I won't recapitulate her provocative, often funny, and always lively argument, which she condensed for time constraints and then Powerpointed for purposes of clarity, but I was on the edge of my seat (seriously, does anyone else ever feel this kind of excitement at scholarly talks?) the whole time as she discussed it. In fact, I took about 4-5 moleskine pages of notes, and am still reviewing them, and probably would have stayed behind to ask her questions, but I had to finish reading short stories for my Friday classes. But I saw her as throwing down a gantlet, of the sort that folks in our incredible African American Studies program have been regularly debating, and issuing a challenge to faculty members, students, and people in the community (of whatever race), to think about Black Studies in particular, and its original emphasis on Black liberation and knowledge production, but more broadly about knowledge creation and production in the academy, and its relationship to the wider community.
Being both part of and somewhat outside of academe, I've often felt like so much of the exciting work that's done inside colleges and universities either does not get translated into a form that's accessible and practical to those outside it or does so only after a long hiatus, while too many people with both feet inside academe assume that everyone is part of their conversations--or isn't, but wouldn't want to be. I feel this is less the case with artists and other creative folks, who by and through their practices and production are involved in conversation, negotiation and translation, but I do sometimes feel this strongly when it comes to the many brilliant scholarly conversations that occur and develop within college and university walls. Now, I am not saying that all knowledge, in its articulation and production, has to be immediately or initially practical, but again, there are so many exciting discoveries, developments and discussions--at least they excite me--that occur within academe, and I'm thinking in particular about the humanities and social sciences, that would benefit our public discourse in general, and specific conversations that take place in the media, in the political arena, in private dialogues.

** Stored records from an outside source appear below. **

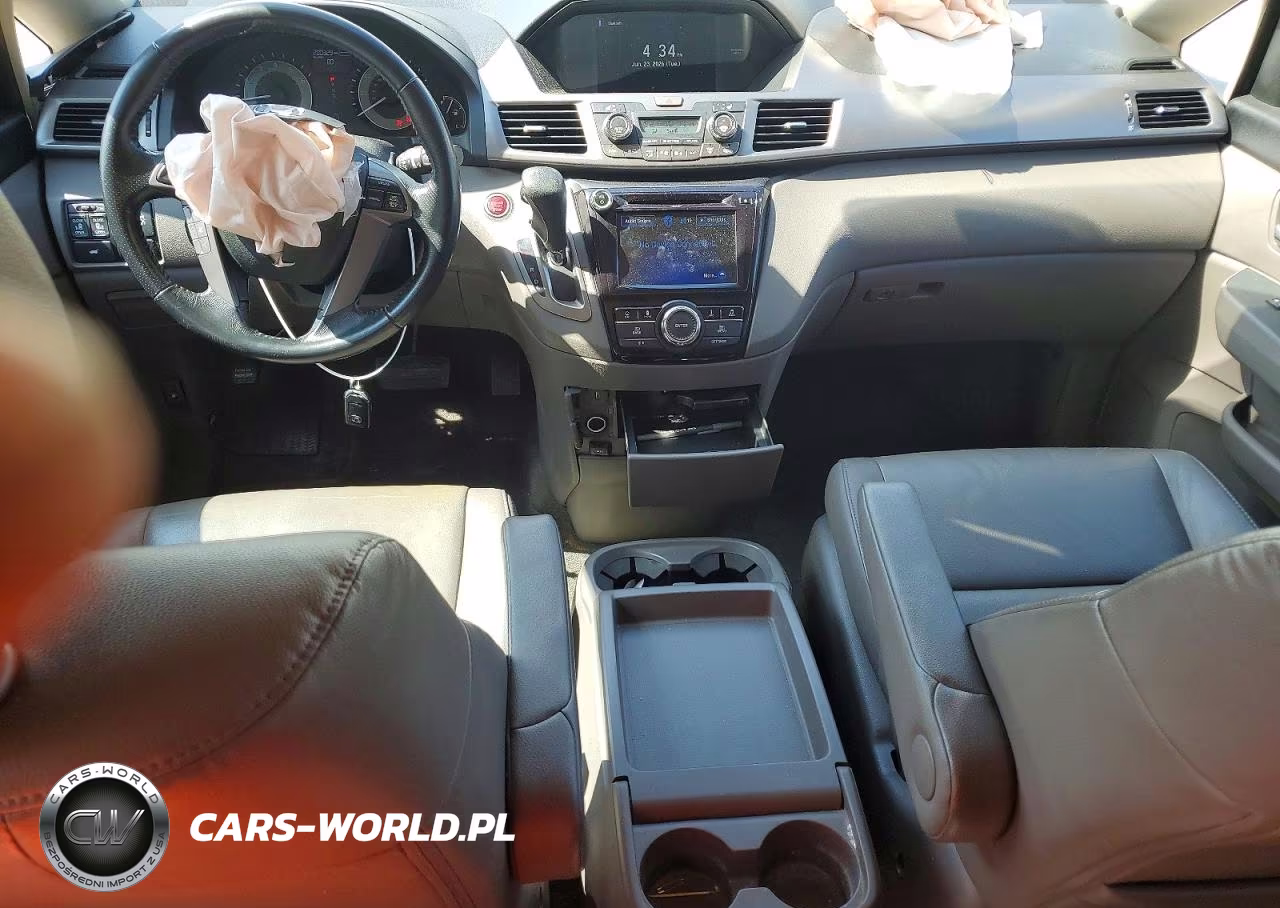 2015 Honda Odyssey Exl VIN:5FNRL5H6XFB098629 - 8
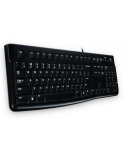 Logitech K120 Laidinė klaviatūra, USB, EN/LT, Juoda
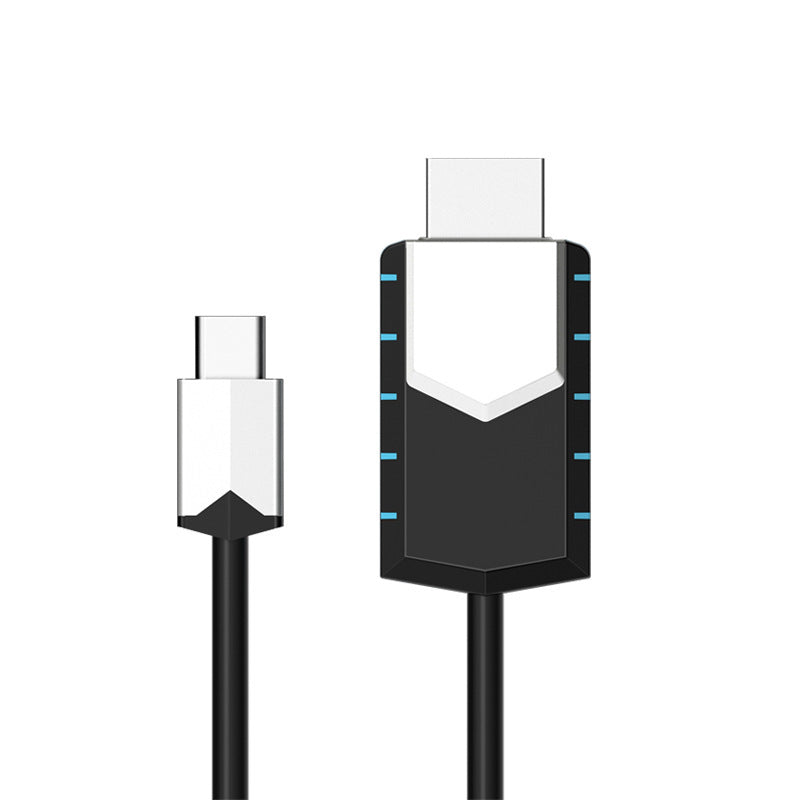 Type-C To HDMI Same 4k Video Cable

I often think about the rich and nuanced arguments around sexuality, gender and performance, to take one example, and how alongside these you can have a discussion with people, go online or open a book or magazine and find the most retrograde, reductive discourse on these issues, as if the very premises of contestation and complexity were non-existant. I'm not blaming the scholars, who as I know from my experience with the Center for Lesbian, Gay, Bisexual and Transgender Studies at CUNY even went out into the communities they hoped to engage with to hold workshops, classes, discussions, and so forth, but I still feel that all of us could be doing more, and Hill Collins's talk underlined this for me.
One of the things I really liked about Hill Collins's talk, as I do with her books, is how she negotiates scholarly discourse, some of it quite demanding and difficult, in such a way as to also speak to a wider array of readers. She noted at the end of her talk that people are "thirsty for new ideas," and that thinking about what might constitute "emancipatory knowledge," in the broader sense, could very well be one of the things folks out there would love to hear about.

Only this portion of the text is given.